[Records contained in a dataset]
◆ ◆ ◆ ◆

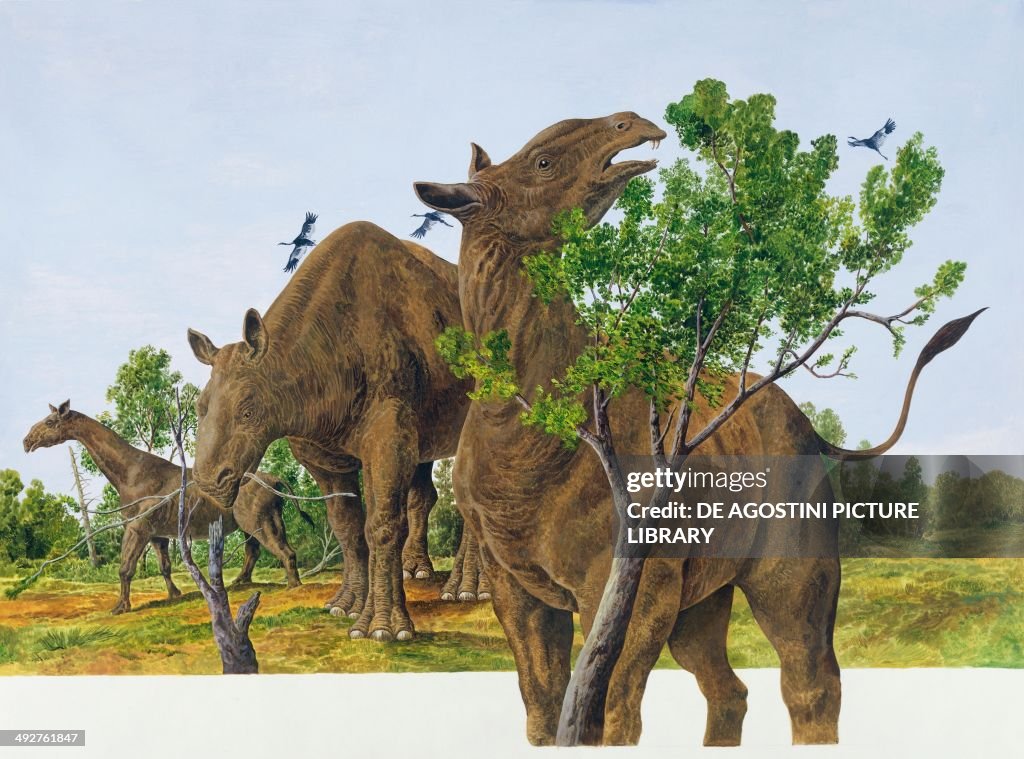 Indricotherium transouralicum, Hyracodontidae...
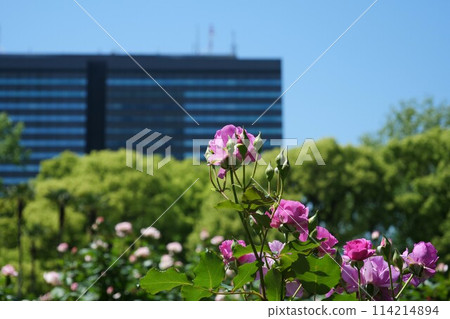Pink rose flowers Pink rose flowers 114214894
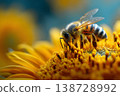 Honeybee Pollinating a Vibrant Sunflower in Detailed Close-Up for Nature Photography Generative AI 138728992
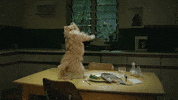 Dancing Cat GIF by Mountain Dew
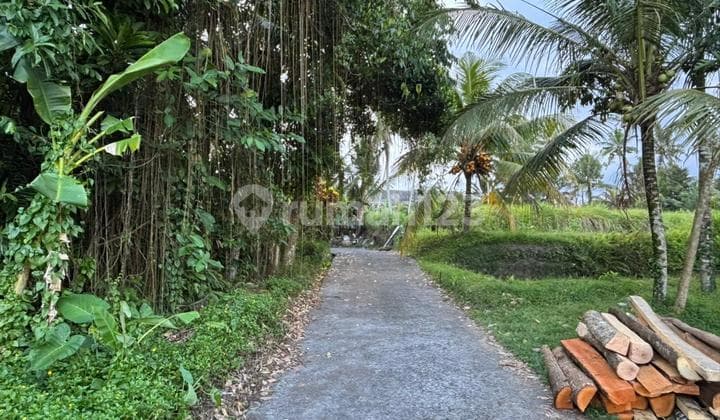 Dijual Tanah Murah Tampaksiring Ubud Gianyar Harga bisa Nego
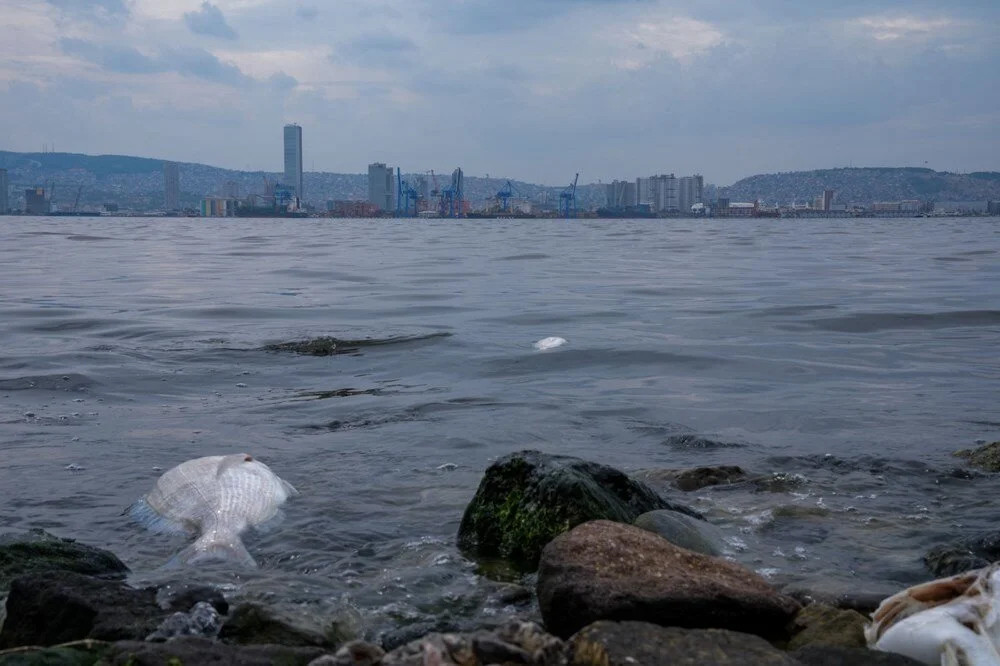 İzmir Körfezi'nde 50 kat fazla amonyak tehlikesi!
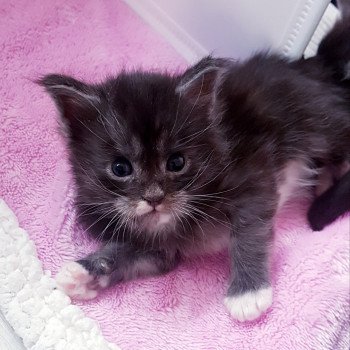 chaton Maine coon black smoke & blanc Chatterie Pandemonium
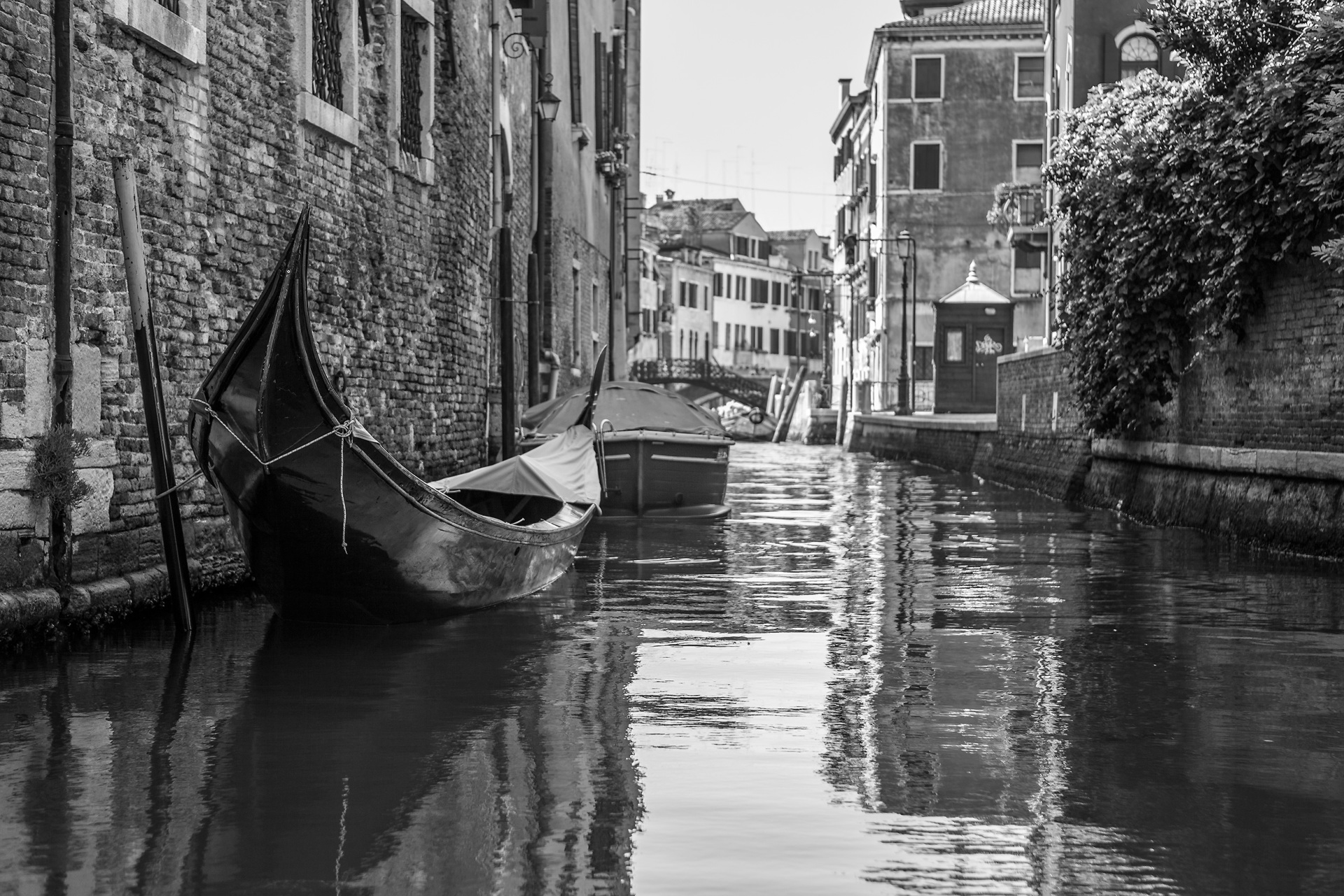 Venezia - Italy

◆ ◆ ◆ ◆

Write the entries out in full and exactly, omitting every picture.

 Indricotherium transouralicum, Hyracodontidae...
Pink rose flowers Pink rose flowers 114214894
 Honeybee Pollinating a Vibrant Sunflower in Detailed Close-Up for Nature Photography Generative AI 138728992
 Dancing Cat GIF by Mountain Dew
 Dijual Tanah Murah Tampaksiring Ubud Gianyar Harga bisa Nego
 İzmir Körfezi'nde 50 kat fazla amonyak tehlikesi!
 chaton Maine coon black smoke & blanc Chatterie Pandemonium
 Venezia - Italy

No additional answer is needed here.